Hıçkırık hangi durumlarda tehlikeli olur? Hıçkırığın nedenleri nelerdir?

Geçmeyen hıçkırık söz konusu olduğunda zaman zaman hepimiz sebebini merak ederiz. Hemen herkeste görülen hıçkırık semptomunun altında ciddi hastalıkların olabileceğini belirten uzmanlar, hıçkırığın nedenlerini ve hıçkırık tedavisini anlattı. İşte uzun süren hıçkırıkta yapılması gerekenler...

DHA

Hıçkırığın nedenleri birçok kişi tarafından merak ediliyor. Özellikle hiç olmayacak zamanda başlayan hıçkırık, kişiyi bazen zor duruma sokabiliyor. Bir türlü geçmeyen inatçı hıçkırığın nedenlerinin araştırılması gerektiğini anlatan Doç. Dr. Bülent Yaşar, “Merkezi sinir sistemi tümörleri, inme, Parkinson, kafa travması, menenjit, göğüs boşluğunu tutan kanserler, büyümüş lenf bezleri; koroner yetersizlik, yemek borusu tümörleri ve reflü geçmeyen hıçkırığın olası nedenleri arasında sayılabilir.” dedi. İşte hıçkırığın nedenleri ve tedavisi...

DHA'ya açıklamalarda bulunan Gastroenteroloji Bölümünden Doç. Dr. Bülent Yaşar, hemen herkeste görülen hıçkırık semptomunun altında ciddi hastalıkların olabileceğini belirterek önemli uyarılarda bulundu. Doç. Dr. Yaşar, 48 saatten uzun süren hıçkırıklarında olabileceğine değinerek, “Hıçkırık, göğüs ile karın boşluklarını ayıran diyafram kasının tekrarlayan, kontrolsüz kasılmaları sonucu oluşan ve uzun sürdüğünde yaşam kalitesini ciddi şekilde etkileyen bir semptomdur. Genellikle birkaç dakika içinde sonlanmasına rağmen bazen 48 saatten uzun sürer ki, inatçı hıçkırık adını alır.” diye konuştu.

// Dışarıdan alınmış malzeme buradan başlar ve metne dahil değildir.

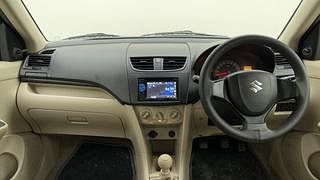 Used 2012 Maruti Suzuki Swift Dzire [2012-2015] LXI Petrol Manual interior DASHBOARD VIEW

"BAHARATLAR DA TETİKLEYEBİLİR"

Kısa ve uzun süreli olmak üzere hıçkırıkların 2’ye ayrıldığını belirten Doç. Dr. Yaşar, nedenlerini şöyle açıkladı:

“Hızlı ve çok yeme, alkol, baharat ve soda tüketimi, çok soğuk ve sıcak yeme, hava yutma (sakız çiğneme sonucu), stres gibi faktörler kısa süreli hıçkırıkların en sık rastlanılan nedenleridir. 

Hıçkırığın uzun sürmesi durumundu ise gastroenteroloji, nöroloji, göğüs hastalıkları ve kardiyoloji gibi farklı bilim dallarını ilgilendirebilen iltihap, tümör, travma ve enfeksiyon gibi sorunlar akla gelmeli. 

Merkezi sinir sistemi tümörleri, inme, Parkinson, kafa travması, menenjit, multiple skleroz; göğüs boşluğunu tutan kanserler, büyümüş lenf bezleri; koroner yetersizlik, yemek borusu tümörleri, reflü ve helikobakter pylori enfeksiyonu hıçkırığın olası nedenleri arasında sayılabilir. 

Sadece hastalıklar değil, bazen ilaçlar ve kemoterapötiklerde hıçkırığı başlatabilir; psikiyatri ve Parkinson tedavilerinde kullanılan ilaçlar, kortizon ve morfin bu grupta sıralanabilir. 

Yemek borusu ve ac’lere yapılan müdahaleler (bronkoskopi, stent takılması gibi), genel anestezi ve cerrahi sonrasında da inatçı hıçkırık oluşabilir.”

"GELENEKSEL YÖNTEMLER İŞE YARAYABİLİR"

Doç. Dr. Yaşar, hıçkırık tedavisinde geleneksel yaklaşımların hala etkili olabileceğini işaret ederek “Kese kâğıdı içine soluma, nefesini tutma, soğuk su içme, ıkınma, limon ve toz şeker yemek, küçük dili kaşık yardımıyla yukarı kaldırma, dizleri göğüs kafesine yaklaştırmak ve bu pozisyonda bir süre kalmak göz küresine ve karotise (boyun damarı) masaj yapmak yardımcı olabilir. Semptomun uzun sürmesi veya tekrarlaması durumunda mutlaka hekime başvurmak gerekir.” ifadelerini kullandı.